Mais Alphonse-Charles Ier était allé encore plus loin dans une lettre adressée à la soeur du prince Xavier, l'impératrice Zita :"Absolument écartée, comme je te l'expose, la branche de François de Paule [et donc Alphonse XIII et sa descendance - car usurpateurs et descendants d'usurpateurs aux yeux du roi de jure], vient alors la branche de Bourbon des Deux-Siciles. Tous ces princes ont perdu leurs droits pour avoir reconnu Alphonse XII et Alphonse XIII, servi dans leur armée et reçu des titres, grades militaires et emplois de ceux-ci. Ensuite vient la branche de Parme. Elie [de Bourbon-Parme, demi-frère et aîné de Xavier] ne peut me succéder parce qu'il a lui aussi reconnu Alphonse XIII. Nous arrivons alors à ton frère Xavier, le premier Bourbon qui n'a pas vacillé et est resté fidèle à la dynastie légitime." Lettre datée d'août 1935, et citée par Juan Balanso (in Les Bourbons de Parme, J&D éditions, 1996, p. 162).

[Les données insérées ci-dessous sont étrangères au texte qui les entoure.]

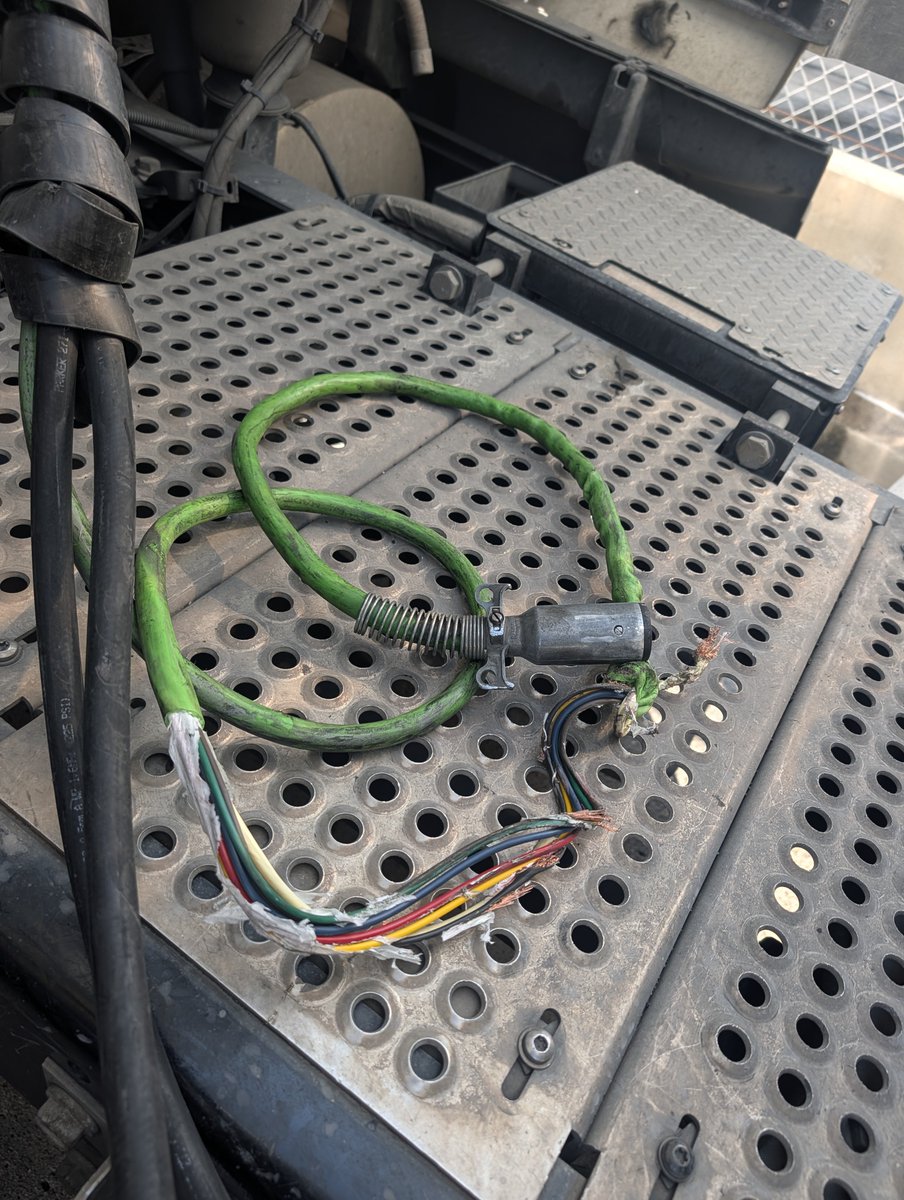 drvrjay's tweet image. Monday am I right?!? 😩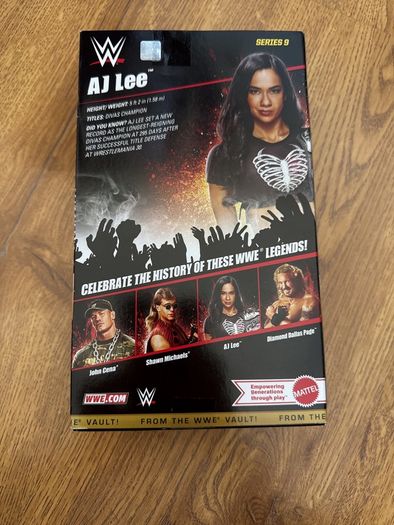 Wwe Ringside Exclusive Aj Lee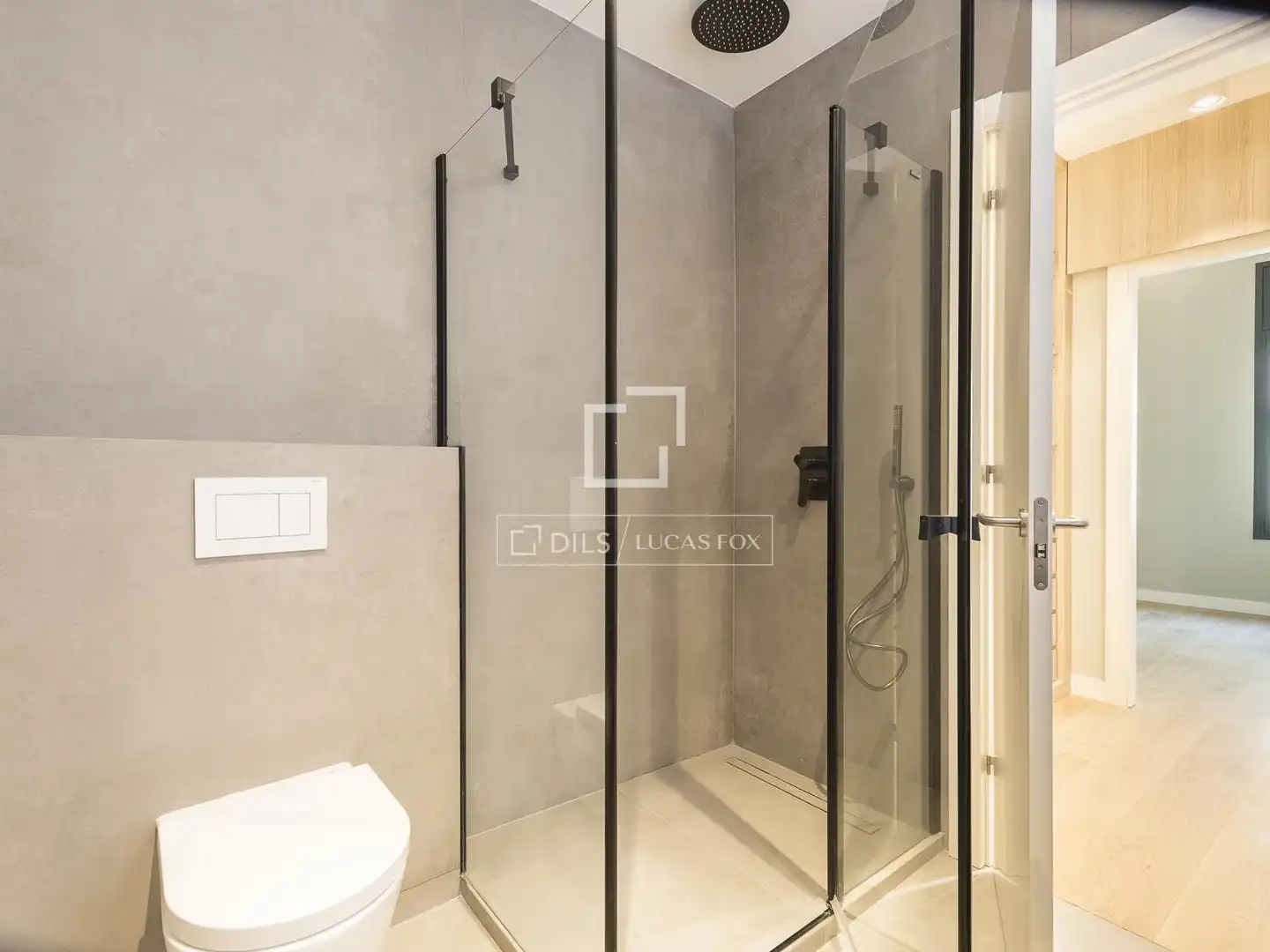 Baño de Piso en venta en Barcelona con Aire acondicionado, Calefacción y Terraza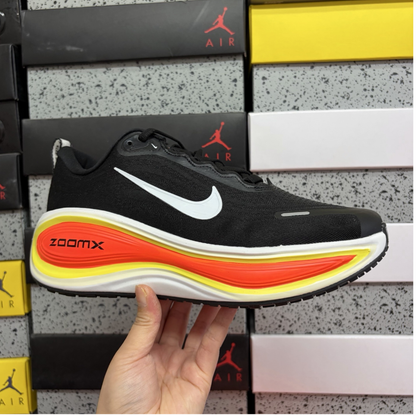 Nike Vomero Plus - Black Bright Crimson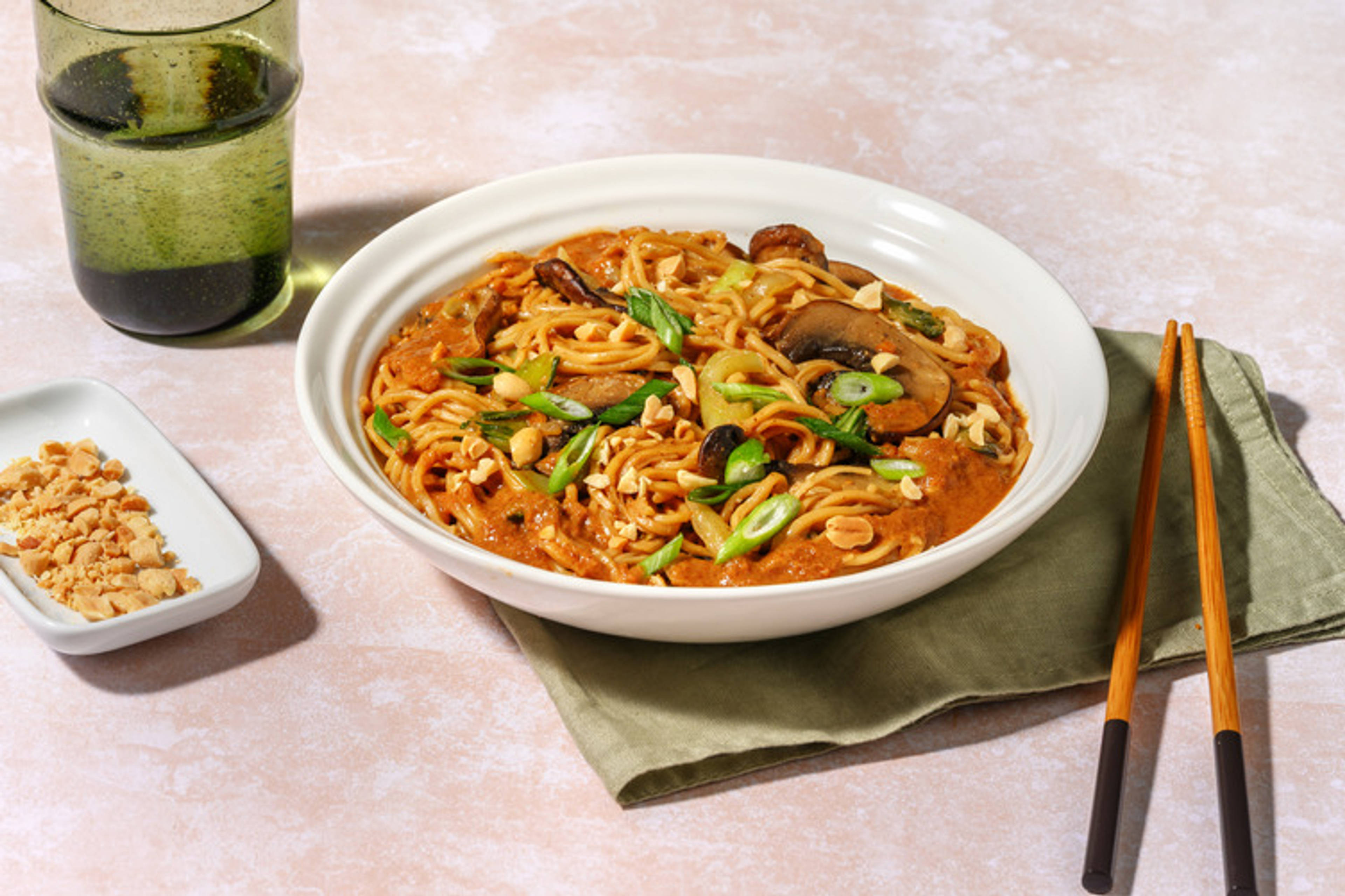 Wok de nouilles au portobello & pak choï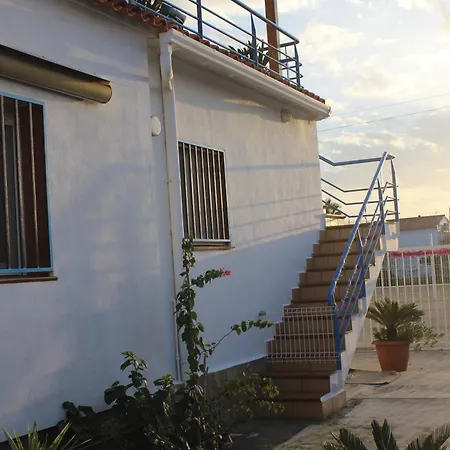 Casa Celidonia , De * Oliva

Après la mort d'Alphonse-Charles Ier (29 septembre 1936), Manuel Fal Conde, principal chef carliste en Espagne [alors en pleine guerre civile] reconnut Xavier de Bourbon-Parme comme régent. Une partie cependant des notables carlistes, derrière le comte de Rodezno, entreprit de se rallier progressivement au comte de Barcelone (qui en fait de se rallier au carlisme devait se contenter de poser coiffé du béret carliste sur certaines photographies...). Poussé par le Conseil national de la Communion carliste, Xavier de Bourbon-Parme fut reconnu roi de jure par ses partisans le 31 mai 1952 à Barcelone. Mais le prince Xavier et ses carlistes étaient très nettement devancés dans la course au trône par le comte de Barcelone qui avait négocié avec le général Franco l'envoi en Espagne de son fils Juan-Carlos pour raison d'études. On sait où le processus alors enclenché devait mener (le comte de Barcelone étant lui-même évincé au profit de son propre fils - en 1969). Une question demeure : comment le comte de Barcelone avait-il succédé à son père Alphonse XIII (dans la prétention au trône d'Espagne) lors même que le comte de Barcelone était en 1931 (date de l'exil d'Alphonse XIII) le troisième fils du roi constitutionnel ? Le premier fils, Alfonso prince des Asturies (1907-1938) avait renoncé à ses droits en 1933 pour épouser la personne de son choix. Il mourut sans descendant. Le deuxième fils, Jaime duc de Ségovie (1908-1975), renonça également à ses droits en 1933, sur la pression de son père, en raison de son handicap (il était sourd-muet). Il épousa Emmanuelle de Dampierre, dont il eut deux fils, dont Alphonse de Bourbon (1936-1989), père de Louis-Alphonse de Bourbon (né en 1974), reconnu présentement comme successeur légitime des rois de France par une partie des royalistes français. En 1941 (mort d'Alphonse XIII) le troisième fils Don Juan (1913-1993) devint donc prétendant à la couronne d'Espagne, prenant le titre de comte de Barcelone. Il est à noter qu'à la mort du duc de San Jaime (1936) une partie des légitimistes français de tendance "Blancs d'Espagne" préféra reporter ses espérances sur le prince Xavier de Bourbon-Parme que sur Alphonse XIII et sa descendance. Le baron Pinoteau et Guy Augé y firent ici ou là allusion dans leurs écrits. Quant à l'attitude du prince Xavier à ce sujet (c'est-à-dire au sujet de la succession française), elle semble difficile à définir avec exactitude.